This lecture provides an introduction to RDF and the query language SPARQL.

This is the first in a series of notebooks about SPARQL, which consists of:

* This notebook, which basic concepts of RDF and SPARQL
* [A notebook](01_SPARQL_Introduction.ipynb) that provides an introduction of SPARQL through a collection of progressively more difficult exercises]
* [A notebook](02_SPARQL_Custom_Endpoint.ipynb) with queries to a custom dataset, which links to the RDF exercises and it is out of the scope of this course. You can consult it if you are interested.

# RDF basics
This section is taken from [[1](#1), [2](#2)].

RDF allows us to make statements about resources. The format of these statements is simple. A statement always has the following structure:

      <subject> <predicate> <object>
    
An RDF statement expresses a relationship between two resources. The **subject** and the **object** represent the two resources being related; the **predicate** represents the nature of their relationship. The relationship is phrased in a directional way (from subject to object) and is called in RDF a **property**. Because RDF statements consist of three elements they are called **triples**.

Here are examples of RDF triples (informally expressed in pseudocode):

      <Bob> <is a> <person>.
      <Bob> <is a friend of> <Alice>.
      
Resources are identified by IRIs, which can appear in all three positions of a triple. For example, the IRI for Leonardo da Vinci in DBpedia is:

      <http://dbpedia.org/resource/Leonardo_da_Vinci>

IRIs can be abbreviated as *prefixed names*. For example, 
     PREFIX dbr: <http://dbpedia.org/resource/>
     <dbr:Leonardo_da_Vinci>
     
Objects can be literals: 
 * strings (e.g., "plain string" or "string with language"@en)
 * numbers (e.g., "13.4"^^xsd:float)
 * dates (e.g., )
 * booleans
 * etc.
 
RDF data is stored in RDF repositories that expose SPARQL endpoints. Let's query one of the most famous RDF repositories: dbpedia. First, we should learn how to execute SPARQL in a notebook.

# Executing SPARQL in a notebook
There are several ways to execute SPARQL in a notebook. The most popular ones are:
* using a SPARQL kernel [sparql kernel](https://github.com/paulovn/sparql-kernel) instead of the Python3 kernel
* using the [graph notebook package](https://pypi.org/project/graph-notebook/)
* using libraries such as [sparql-client](https://pypi.org/project/sparql-client/) or [rdflib](https://rdflib.dev/sparqlwrapper/) that enable executing SPARQL within a Python3 kernel
* using other libraries. In our case, a light library has been developed (the file helpers.py) for accessing SPARQL endpoints using an HTTP connection.

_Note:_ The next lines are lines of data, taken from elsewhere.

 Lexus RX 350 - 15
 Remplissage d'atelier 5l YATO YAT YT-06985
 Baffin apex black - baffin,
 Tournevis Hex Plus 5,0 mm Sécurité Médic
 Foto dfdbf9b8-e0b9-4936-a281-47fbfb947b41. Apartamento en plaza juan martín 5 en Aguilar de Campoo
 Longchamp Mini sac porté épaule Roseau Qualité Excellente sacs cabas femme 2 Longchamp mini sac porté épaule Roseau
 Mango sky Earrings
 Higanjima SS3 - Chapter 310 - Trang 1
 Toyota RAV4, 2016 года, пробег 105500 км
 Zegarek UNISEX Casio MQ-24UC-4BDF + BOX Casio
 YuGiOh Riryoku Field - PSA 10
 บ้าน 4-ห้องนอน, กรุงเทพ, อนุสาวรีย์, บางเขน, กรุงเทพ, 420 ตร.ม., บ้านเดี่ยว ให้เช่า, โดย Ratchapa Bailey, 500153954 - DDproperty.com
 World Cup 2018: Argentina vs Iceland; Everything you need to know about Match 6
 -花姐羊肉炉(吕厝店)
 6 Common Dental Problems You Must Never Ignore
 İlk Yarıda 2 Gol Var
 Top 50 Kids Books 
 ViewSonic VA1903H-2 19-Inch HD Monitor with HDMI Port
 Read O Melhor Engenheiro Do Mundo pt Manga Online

We are going to use the last option to avoid installing new packages.

For using the library, you need:
1. Import sparql from helpers (the file helpers.py available in the github repository)
2. Use the magic command '%%sparql' to indicate the SPARQL endpoint and then the SPARQL code.

Let's try it!

# Queries agains DBPedia

We are going to execute an SPARQL query agains DBPedia. This section is based on [[8](#8)].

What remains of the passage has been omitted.